The retail real estate industry realizes it won’t stay relevant in the face of e-commerce if it stands in place, and its approach to the digital world has changed. Instead of viewing e-commerce as a threat to be overcome, the rise of omnichannel strategies has given physical space important duties — stores are being used as platforms for same-day delivery, Web purchase pick-ups and e-commerce fulfillment — that retail real estate executives at ICSC RECon were championing. “You go on Nordstrom’s Web site and decide to buy a sweater. If you want to take it back, chances are you are going to take it back to The Grove or Americana and then the chance is you will buy something else. I think that’s great,” said Caruso. As omnichannel infrastructure is laid down, Daniel Hurwitz, ceo of DDR Corp., owner and manager of 450 retail properties, said the size requirements for selling space may decrease, but not overall square footage. “You better have inventory, and it better be at a convenient location,” he said, mentioning that Best Buy has reported as much as 40 percent of its online purchases are picked up at stores.

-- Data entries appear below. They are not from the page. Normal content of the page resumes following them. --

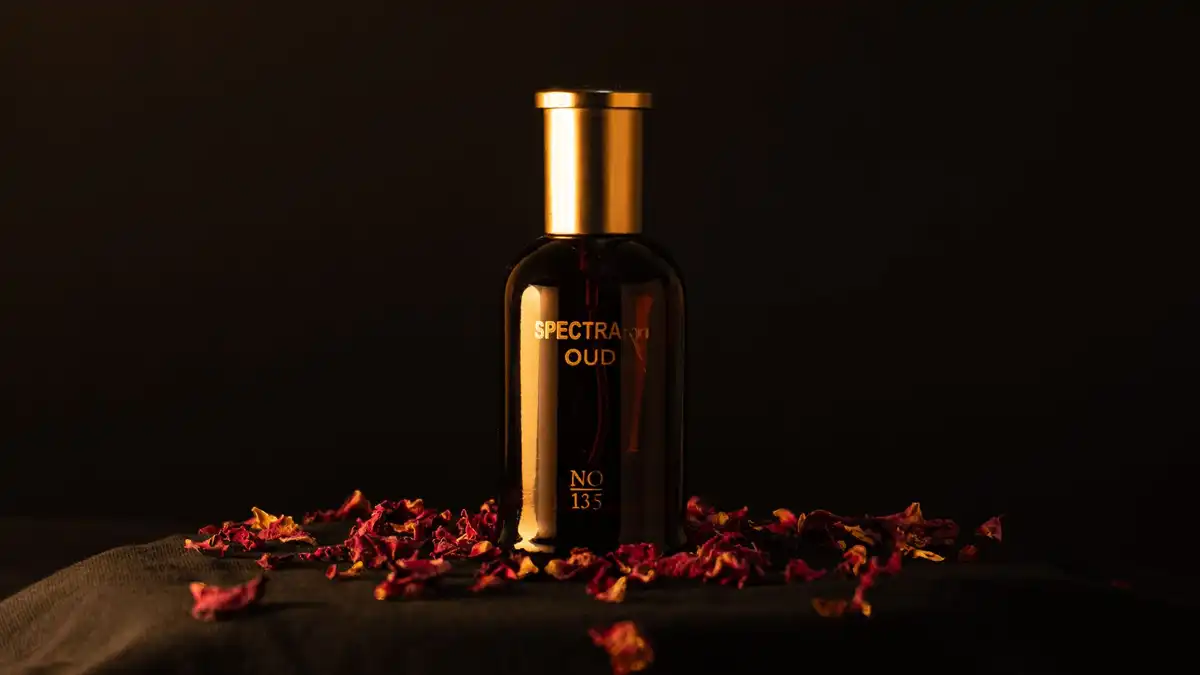 Frasco escuro de perfume oud com tampa dourada, cercado por pétalas de rosa sobre fundo escuro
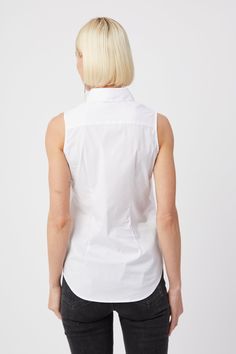 Our warm weather cotton staple. The Sleeveless Shirt is a classic for layering or to wear on its own. Narrow armholes mean bra won't peek through the side (and won't peek through the front either). Rochelle Behrens reimagined how shirts should fit and feel. Our patented No Gape® button technology, seamlessly designed into every shirt and shirtdress we design, eliminates blouse gape. Finally say bye bye blouse gape, hello The Shirt. 75% Cotton, 20% Nylon, 5% Stretch Made In Portugal Powered by ou Back Template, Sleeveless Button Up Shirt, Say Bye, Summer Favorites, White Sleeveless, Women Artisans, The Shirt, Shirtdress, Sleeveless Shirt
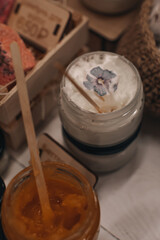 Glass jars with body creams or butter. Spa and beauty concept. Care cosmetics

If the recovery dispelled the myth that e-commerce would render stores meaningless, that myth wasn’t alone in being debunked. The idea that condensed retail footprints were going to rule the retail landscape hasn’t been borne out. “There are a lot of things from a few years ago that were extreme opinions,” said Hurwitz. “It [downsizing] really wasn’t happening. It was a rounding error at best.”

Of reductions in big-box footprints, Andrew Graiser, copresident of A&G Realty Partners, said, “They are very hard to execute. The landlords don’t want to bastardize a box. The cost to split up a box is never cheap.” Today, he said retailers aren’t sticking to cookie-cutter footprints. They may open bigger stores in areas that demand them — for instance, flagships on major city streets — and smaller stores elsewhere. “Retailers are doing a lot more research. They are a lot more attuned to customer profiles and demographics, and they are adjusting to it better,” said Graiser.

Another myth that’s gone by the wayside is the myth of the absent middle. While dollar stores and luxury stores expanded as middle-market retailers largely reined in growth during the recession, retailers betting on the middle class have come rushing back. Gap and Macy’s were frequently cited at ICSC RECon as midtier retailers that have had recent success, and fast-fashion players peddling affordable, trendy attire continue their global spread with no signs of stopping. Mark Burlton, a partner at Cushman & Wakefield’s retail services branch, said, “I think there’s room for a lot more brands in that [fast-fashion] sector. Landlords are desperate for something fresh and new, and they will offer attractive deals.”